Jeff, you got me curious. And I do agree with one of your theories...

But I don't think it's a methodology difference. First, they appear to both be telephone surveys ( http://www.cdc.gov/brfss/about.htm and http://www.hc-sc.gc.ca/fn-an/surveill/nutrition/commun/index-eng.php ). And at least at the national level, the findings have been confirmed by a survey that used the same methods across both countries ( http://www.statcan.ca/english/freepub/82M0022XIE/82M0022XIE2003001.htm ).

But I do think you're right about regional differences within Ontario. The obesity rate in Hamilton (20% of males, 16% of females) is noticeably higher than in Toronto, where it's 10% for both (Table 105-0409, http://tinyurl.com/6aog2o). The Niagara region does a pretty brisk tourist trade, so it's also possible people you saw were a mix of Americans and Canadians.

Whitney Gunderson

bh - Mexico is not included because of a lack of data. If you can help with this, see this blog post....

http://creativeclass.typepad.com/thecreativityexchange/2008/07/fatness-index.html

Gary Dare

The big surprises to me are a) WA and OR are 'fatter' (expected pinker) while b) WI, IL and maybe MN are 'thinner' (expected redder). And more light green rather than dark green for Canada.

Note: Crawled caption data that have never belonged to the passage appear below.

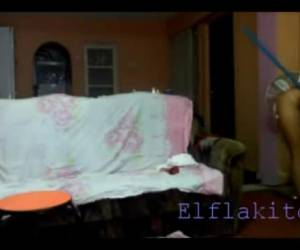 whiteh en dildo är mastubate flickor whiteh naturliga brösten till deras rakade fittor och kissa i sin fitta töm för webcam.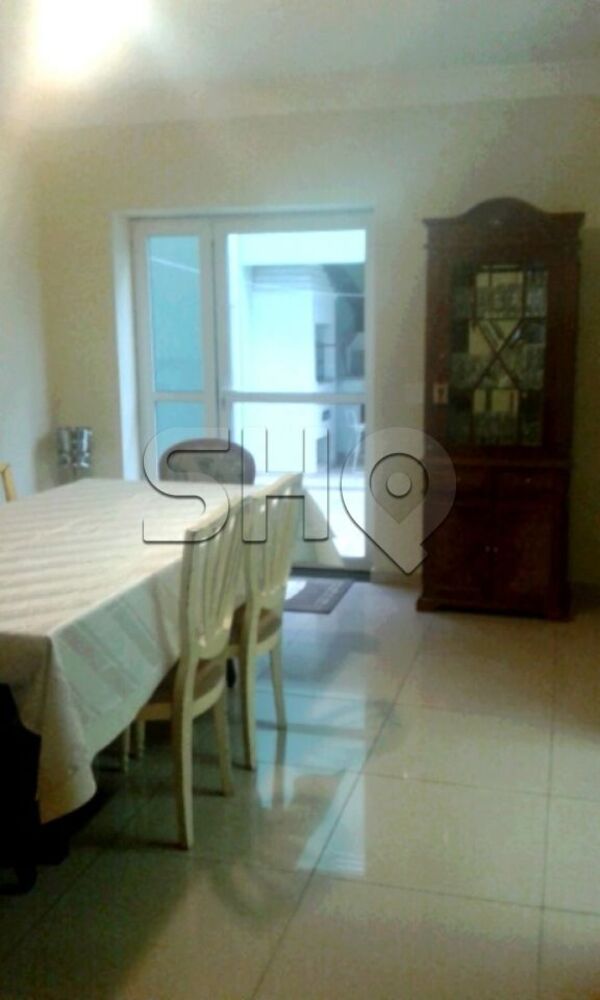 Casa à venda com 3 quartos, 210m² - Foto 1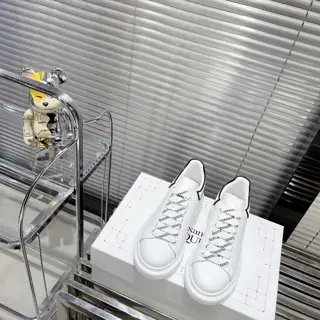 Alexander McQueen classic all-match white shoes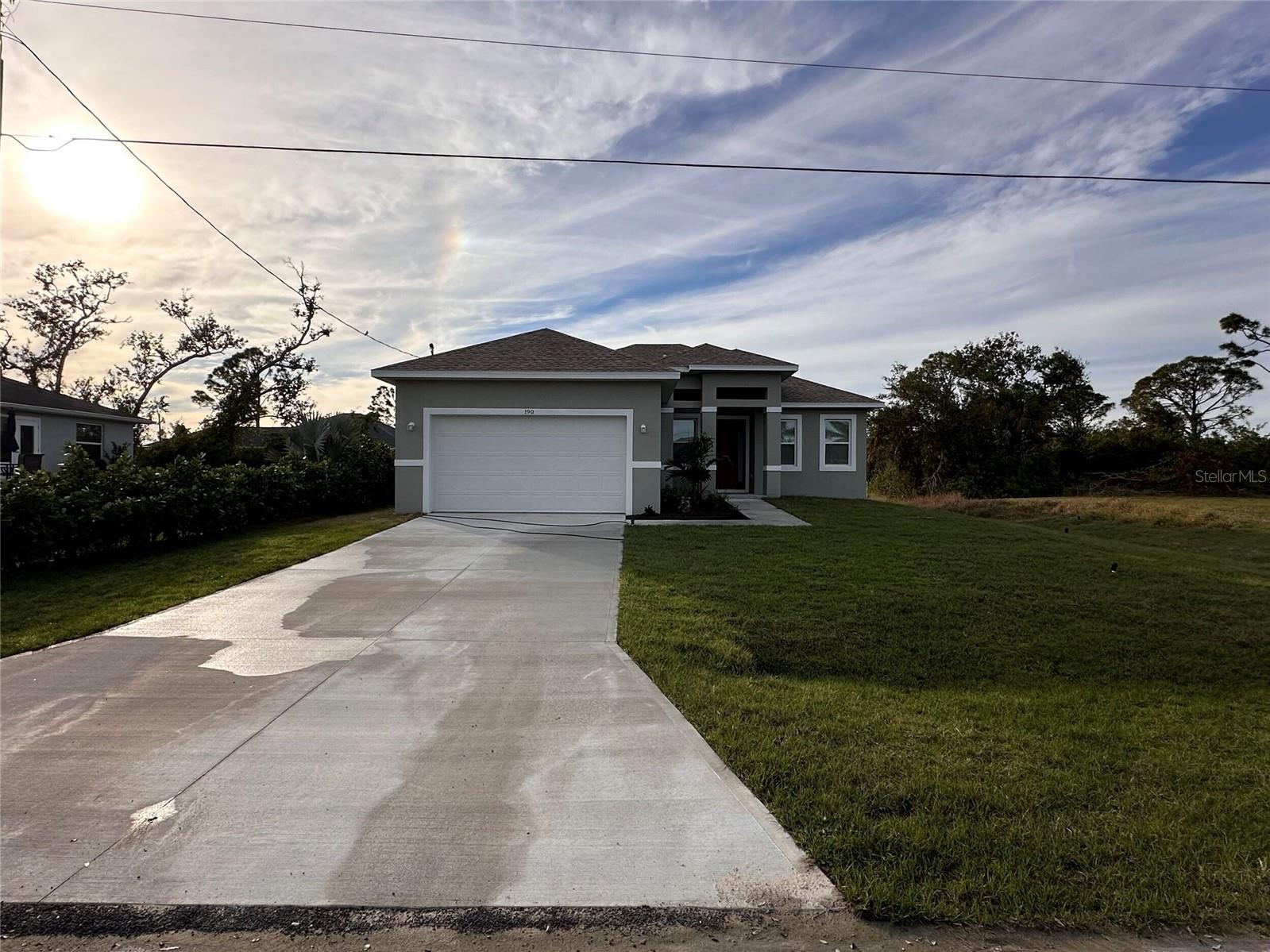 190 REDWOOD RD, ROTONDA WEST, FL, 33947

(Note that I have lived in five Canadian and three American cities, seven of them in the latter half of my life. Right now figuring out return to one of the eight or on to a ninth.)

Michael Wells

Gary,

You probably lived in inner city Portland, which is more into exercise and healthy foods. Go out to Gresham (Eastern working class/low income suburb), or even further to the rural East or Southern Oregon and there are lots more heavy folks.

Gary Dare

Michael - Yes, I'm downtown by PSU and tend towards the SE (Hawthorne, Belmont) and NW (Pearl, 21st, 23rd, Thurman) socially so that's a younger, fitter and/or upscale crowd but I work down in Wilsonville and go out to Hillsboro and Beaverton on business, and a regular at PDX. Overall, Portland is still a lot fitter than Chicago (and their respective states) so on the map, the overlap should actually indicate Portland towards the left end and Chicago to the right end of that color band. (:

And my Chicago, these days, tends towards the lakeshore from Highland Park down to Hyde Park, with few reasons to go further inland except for business.